[RFC PATCH for-8.2 00/18] crypto: Provide clmul.h and host accel

Richard Henderson posted 18 patches 10 months ago
Patches applied successfully (tree, apply log)
git fetch https://github.com/patchew-project/qemu tags/patchew/20230713211435.13505-1-richard.henderson@linaro.org
Maintainers: "Daniel P. Berrangé" <berrange@redhat.com>, Richard Henderson <richard.henderson@linaro.org>, Paolo Bonzini <pbonzini@redhat.com>, Peter Maydell <peter.maydell@linaro.org>, Daniel Henrique Barboza <danielhb413@gmail.com>, "Cédric Le Goater" <clg@kaod.org>, David Gibson <david@gibson.dropbear.id.au>, Greg Kurz <groug@kaod.org>, Nicholas Piggin <npiggin@gmail.com>, David Hildenbrand <david@redhat.com>, Ilya Leoshkevich <iii@linux.ibm.com>, Thomas Huth <thuth@redhat.com>
There is a newer version of this series
host/include/aarch64/host/cpuinfo.h      |   1 +
host/include/aarch64/host/crypto/clmul.h | 230 +++++++++++++++++++++++
host/include/generic/host/crypto/clmul.h |  28 +++
host/include/i386/host/cpuinfo.h         |   1 +
host/include/i386/host/crypto/clmul.h    | 187 ++++++++++++++++++
host/include/x86_64/host/crypto/clmul.h  |   1 +
include/crypto/clmul.h                   | 123 ++++++++++++
target/arm/tcg/vec_internal.h            |  11 --
crypto/clmul.c                           | 163 ++++++++++++++++
target/arm/tcg/mve_helper.c              |  16 +-
target/arm/tcg/vec_helper.c              | 112 ++---------
target/ppc/int_helper.c                  |  63 +++----
target/s390x/tcg/vec_int_helper.c        | 175 +++++++----------
util/cpuinfo-aarch64.c                   |   4 +-
util/cpuinfo-i386.c                      |   1 +
crypto/meson.build                       |   9 +-
16 files changed, 865 insertions(+), 260 deletions(-)
create mode 100644 host/include/aarch64/host/crypto/clmul.h
create mode 100644 host/include/generic/host/crypto/clmul.h
create mode 100644 host/include/i386/host/crypto/clmul.h
create mode 100644 host/include/x86_64/host/crypto/clmul.h
create mode 100644 include/crypto/clmul.h
create mode 100644 crypto/clmul.c
[RFC PATCH for-8.2 00/18] crypto: Provide clmul.h and host accel
Posted by Richard Henderson 10 months ago
Inspired by Ard Biesheuvel's RFC patches [1] for accelerating
carry-less multiply under emulation.

This is less polished than the AES patch set:

(1) Should I split HAVE_CLMUL_ACCEL into per-width HAVE_CLMUL{N}_ACCEL?
    The "_generic" and "_accel" split is different from aes-round.h
    because of the difference in support for different widths, and it
    means that each host accel has more boilerplate.

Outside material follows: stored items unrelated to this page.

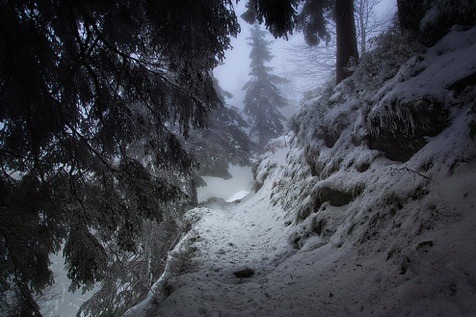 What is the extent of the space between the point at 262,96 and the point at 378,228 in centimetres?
2650

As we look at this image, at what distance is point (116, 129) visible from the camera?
14.7 feet

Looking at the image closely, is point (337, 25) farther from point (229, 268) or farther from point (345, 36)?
point (229, 268)

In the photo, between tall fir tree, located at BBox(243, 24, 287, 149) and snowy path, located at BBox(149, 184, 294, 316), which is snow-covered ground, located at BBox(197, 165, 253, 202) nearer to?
tall fir tree, located at BBox(243, 24, 287, 149)

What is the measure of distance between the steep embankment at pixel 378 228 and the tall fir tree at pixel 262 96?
68.6ft

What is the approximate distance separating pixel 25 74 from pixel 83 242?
2.47 meters

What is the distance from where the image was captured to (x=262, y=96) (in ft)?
94.7

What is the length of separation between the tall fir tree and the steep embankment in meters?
20.9

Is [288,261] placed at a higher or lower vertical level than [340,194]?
lower

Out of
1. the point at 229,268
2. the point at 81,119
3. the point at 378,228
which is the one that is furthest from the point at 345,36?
the point at 81,119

(2) Should I bother trying to accelerate anything other than 64x64->128?
    That seems to be the one that GSM really wants anyway.  I'd keep all
    of the sizes implemented generically, since that centralizes the 3
    target implementations.

(3) The use of Int128 isn't fantastic -- better would be a vector type,
    though that has its own special problems for ppc64le (see the
    endianness hoops within aes-round.h).  Perhaps leave things in
    env memory, like I was mostly able to do with AES?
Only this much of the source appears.